> [EXERCISE DIRECTIONS] Go to the line that contains "论大墩水闸工程大体积混凝土施工与质量控制措施" in the listing below, then output it and every line after it exactly, omitting pictures.

> [SUPPLIED INFORMATION]
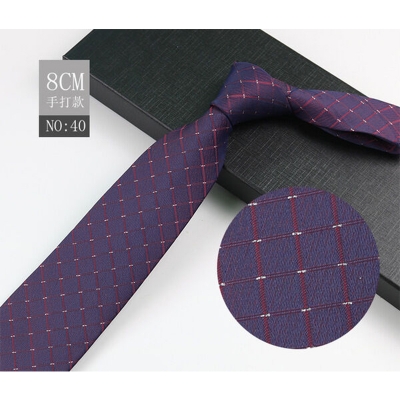 Picture of Elegant Classic Men's Multi-Color Business Necktie 8cm Width - No Box (NO: 40,Int: One size)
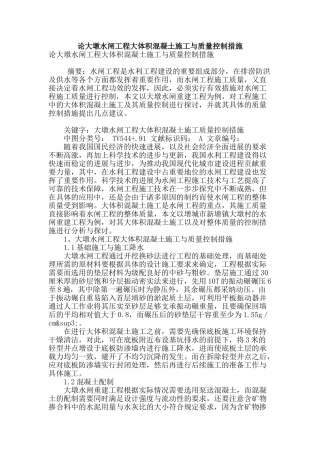 论大墩水闸工程大体积混凝土施工与质量控制措施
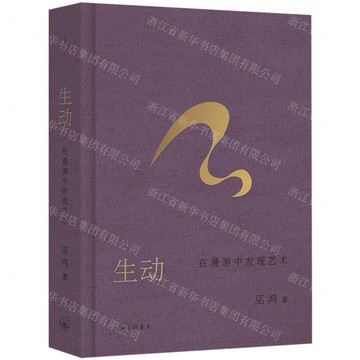 【預購】生動(在漫遊中發現藝術)(精)丨天龍圖書簡體字專賣店丨9787542690036 (tl2520)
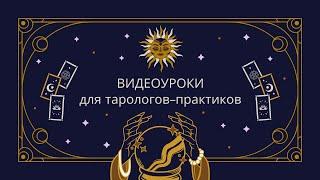 ВИДЕОУРОКИ для тарологов-практиков | Как начать работу с клиентами? | Работа со сложными клиентами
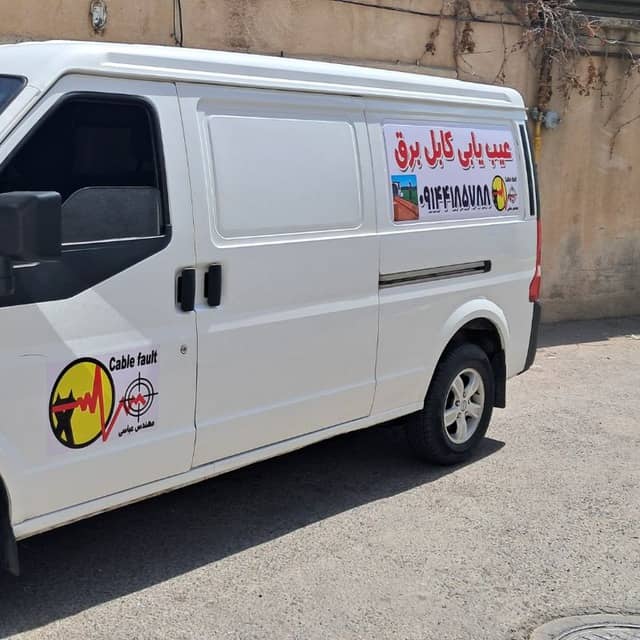 عیب یاب کابل برق و اتصال یاب تصویری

> [YOUR RESPONSE]
 论大墩水闸工程大体积混凝土施工与质量控制措施
 【預購】生動(在漫遊中發現藝術)(精)丨天龍圖書簡體字專賣店丨9787542690036 (tl2520)
 ВИДЕОУРОКИ для тарологов-практиков | Как начать работу с клиентами? | Работа со сложными клиентами
 عیب یاب کابل برق و اتصال یاب تصویری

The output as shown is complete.